Use of __builtin_expected for bounds check

225 views Asked by At

I have this function which, given a Gray code, returns the next Gray code. You can find a more complete explanation about how it works here. The thing is that I wanted to make this increment function modular so that incrementing the Gray code corresponding to UINT_MAX returns the Gray code corresponding to 0 (respectively the most significant bit and 0). Since it is not the default behaviour, I added a check for this special case. Here is the complete algorithm:

unsigned next_gray(unsigned gray)
{
    static const unsigned msb
        = 1u << (CHAR_BITS - sizeof(unsigned) - 1u);

    // gray is odd
    if (__builtin_parity(gray))
    {
        if (__builtin_expect(gray == msb, false))
        {
            return 0u;
        }
        else
        {
            unsigned y = gray & -gray;
            return gray ^ (y << 1u);
        }
    }

    // gray is even
    return gray ^ 1;
}

So, the actual question is actually about branch prediction. I have often read that __builtin_expect is to be used only when a branch is really likely to be chosen or really unlikely to be chosen, the common example being for speeding a program up when there are no errors.

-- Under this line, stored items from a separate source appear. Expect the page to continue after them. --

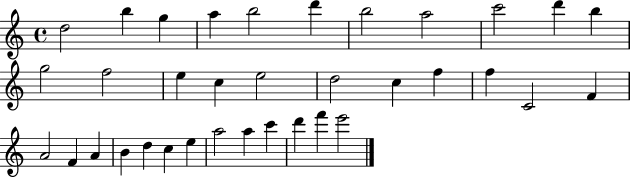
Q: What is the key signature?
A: C major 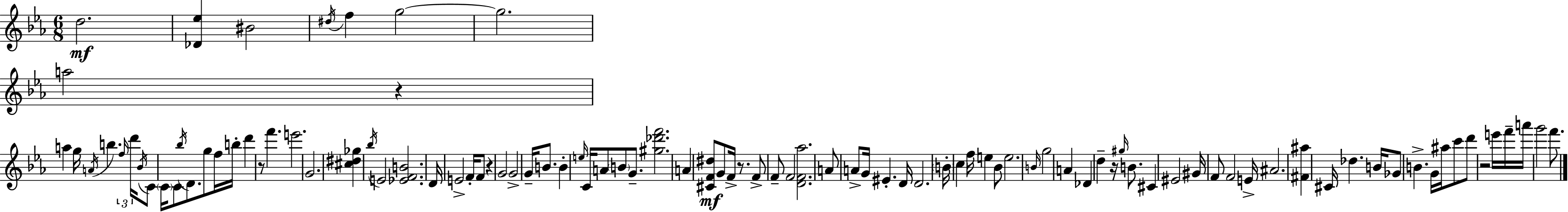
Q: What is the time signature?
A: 6/8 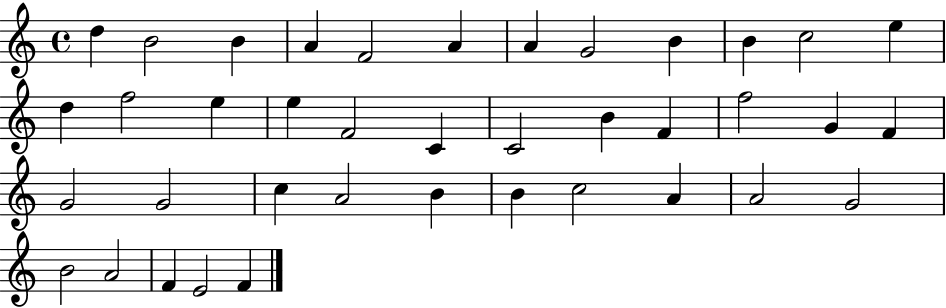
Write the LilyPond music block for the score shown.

{
  \clef treble
  \time 4/4
  \defaultTimeSignature
  \key c \major
  d''4 b'2 b'4 | a'4 f'2 a'4 | a'4 g'2 b'4 | b'4 c''2 e''4 | \break d''4 f''2 e''4 | e''4 f'2 c'4 | c'2 b'4 f'4 | f''2 g'4 f'4 | \break g'2 g'2 | c''4 a'2 b'4 | b'4 c''2 a'4 | a'2 g'2 | \break b'2 a'2 | f'4 e'2 f'4 | \bar "|."
} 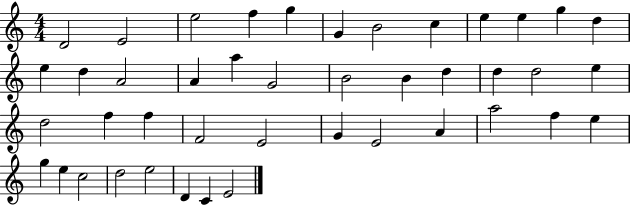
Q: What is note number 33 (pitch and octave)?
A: A5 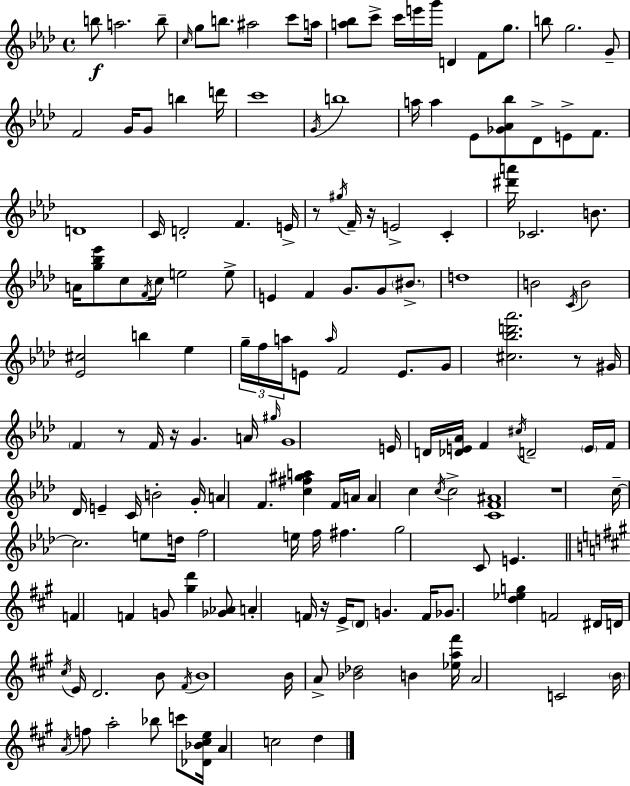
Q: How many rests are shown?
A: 7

Considering that I am not handling an error case, I am unsure whether using __builtin_expect for bounds checking like this is a good idea at all. Is this a good place to use __builtin_expect or is incrementing the max value a common enough operation to deceive branch prediction?

Note: as always, comments and answers highlight things that are not clear in my questions :)

I will give a bit more context: this function is meant to be part of a library, developed for the sake of being a library and not used by any actual project as of know. Therefore, adding __builtin_expect implies that I expect people to mostly increment other values then the maximum value; without any actual project at hand, I wish to know whether this is a safe assumption.

1

There are 1 answers

1
missimer On

Taken from the GCC online docs:

You may use __builtin_expect to provide the compiler with branch prediction information. In general, you should prefer to use actual profile feedback for this (-fprofile-arcs), as programmers are notoriously bad at predicting how their programs actually perform. However, there are applications in which this data is hard to collect.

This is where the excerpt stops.